Swallow (Carlo Mirabella-Davis, 2019)

Lauréat du Prix spécial du Festival de Deauville, Swallow est précédé d’une réputation prometteuse et intriguante. Son metteur en scène Carlo Mirabella-Davis nous livre ici son second long métrage, après le documentaire The swell Season co-réalisé avec Nick August-Perna et Chris Dapkins (qui se centrait sur le duo de musiciens du film Once). Les premières oeuvres sont souvent l’occasion de définir un style tout en mettant en lumière des thématiques chères aux auteurs, et Swallow constitue un premier long de fiction étonnant et envoûtant, en évoquant l’existence difficile de cette jeune femme incarnée à la perfection par Haley Bennett.

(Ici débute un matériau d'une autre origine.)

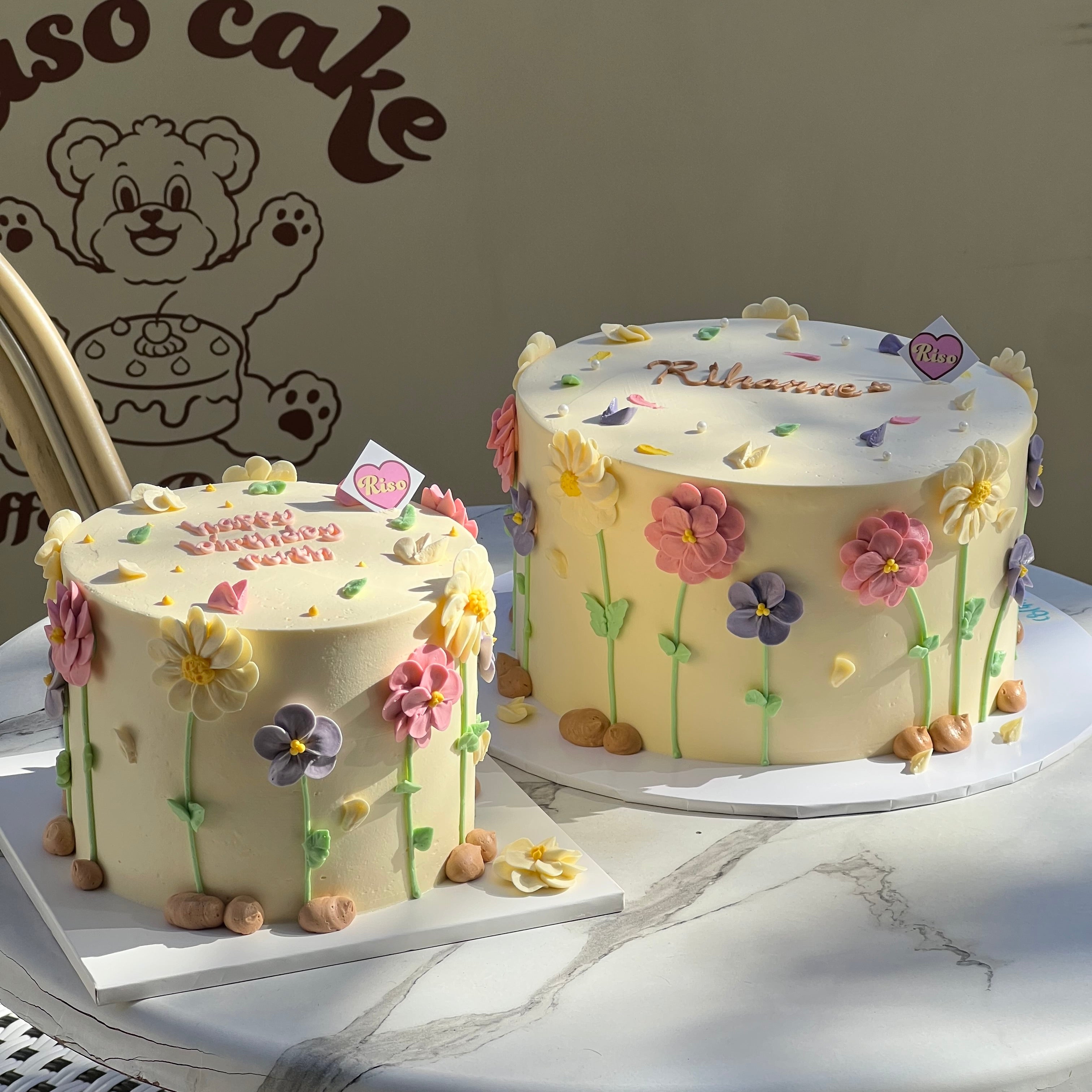 Round floral cake decorated with mixed color daisies and pastel petals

La réussite du film n’aurait pas pu atteindre un tel niveau sans la présence de cette actrice incroyable, qu’on a déjà pu croiser chez Araki (Kaboom) ou chez Antoine Fuqua (Equalizer, Les sept Mercenaires). Sa composition viscérale du personnage d’Hunter prend réellement aux tripes, et s’avère d’une intensité impressionnante. Hunter mène une existence bourgeoise des plus mornes, s’effaçant perpétuellement vis-à-vis de son mari et de sa belle-famille. La vision de la femme au foyer des années 50 perdure jusque dans l’imagerie et les décors, et elle va développer un pica, qui est un trouble psychologique compulsif, poussant la personne qui en est atteinte à avaler divers objets, ce qui peut bien évidemment s’avérer très dangereux.

Carlo Mirabella-Davis va nous faire vivre cette détresse psychologique de l’intérieur, en restant constamment aux côtés d’Hunter. La sensibilité du metteur en scène impressionne, avec une certaine forme de pudeur qui est toutefois accompagnée d’une vraie frontalité. L’intelligence de son découpage et de sa composition picturale font que l’on va suivre cette descente avec une tension véritable, en ressentant presque la douleur d’Hunter. Encore une fois, le jeu d’Haley Bennett est d’une justesse incroyable, permettant de traiter ce sujet avec une réelle intensité sans tomber dans le pathos ni dans le ridicule. Ce travail d’équilibriste constant fait de sa prestation l’une des plus abouties de l’année, même si cette année commence à peine! Sous sa surface lisse et souriante bouillonnent de véritables tourments, qui vont ressortir avec ce trouble du comportement. La subtilité avec laquelle Haley Bennett jongle entre son visage de femme parfaite et l’expression viscérale de ses émotions apporte une authenticité devant laquelle on ne peut pas rester indifférent!

Carlo Mirabella-Davis construit un récit anxiogène dans lequel la jeune femme se retrouve doublement prisonnière, tout d’abord de sa condition sociale finalement dégradante, et ensuite de sa fragilité psychologique. L’intelligence avec laquelle ces thématiques sont liées est très rassurante, car c’est le genre de sujet qui peut rapidement tourner en boucle, mais qui ici se pare d’une véritable tension. La mise en scène de Mirabella-Davis enferme Hunter dans cette existence désincarnée, tout en composant des tableaux véritablement beaux. Sans atteindre la qualité graphique phénoménale d’un Park-Chan Wook avec l’hallucinant Stoker, on plonge dans un drame psychologique qui se défend vraiment bien visuellement aussi. Les scènes où Hunter avale des objets sont un mélange d’ultra-sensibilité et de stress intense, ce qui permet de vivre de manière très intime ces instants qui vont être déterminants pour la jeune femme.

L’évolution du récit va se faire là encore avec la même acuité et avec la même force, et le tout est amené sans grand discours moralisateur ou simplement explicatif, mais de manière très brute et d’autant plus intense. Swallow prend aux tripes tant par son sujet psychologique que par l’évolution de son récit, et si c’est une oeuvre à ne pas mettre entre toutes les mains, elle a le mérite d’aller au bout de ce qu’elle nous raconte, en laissant des traces émotionnelles durables.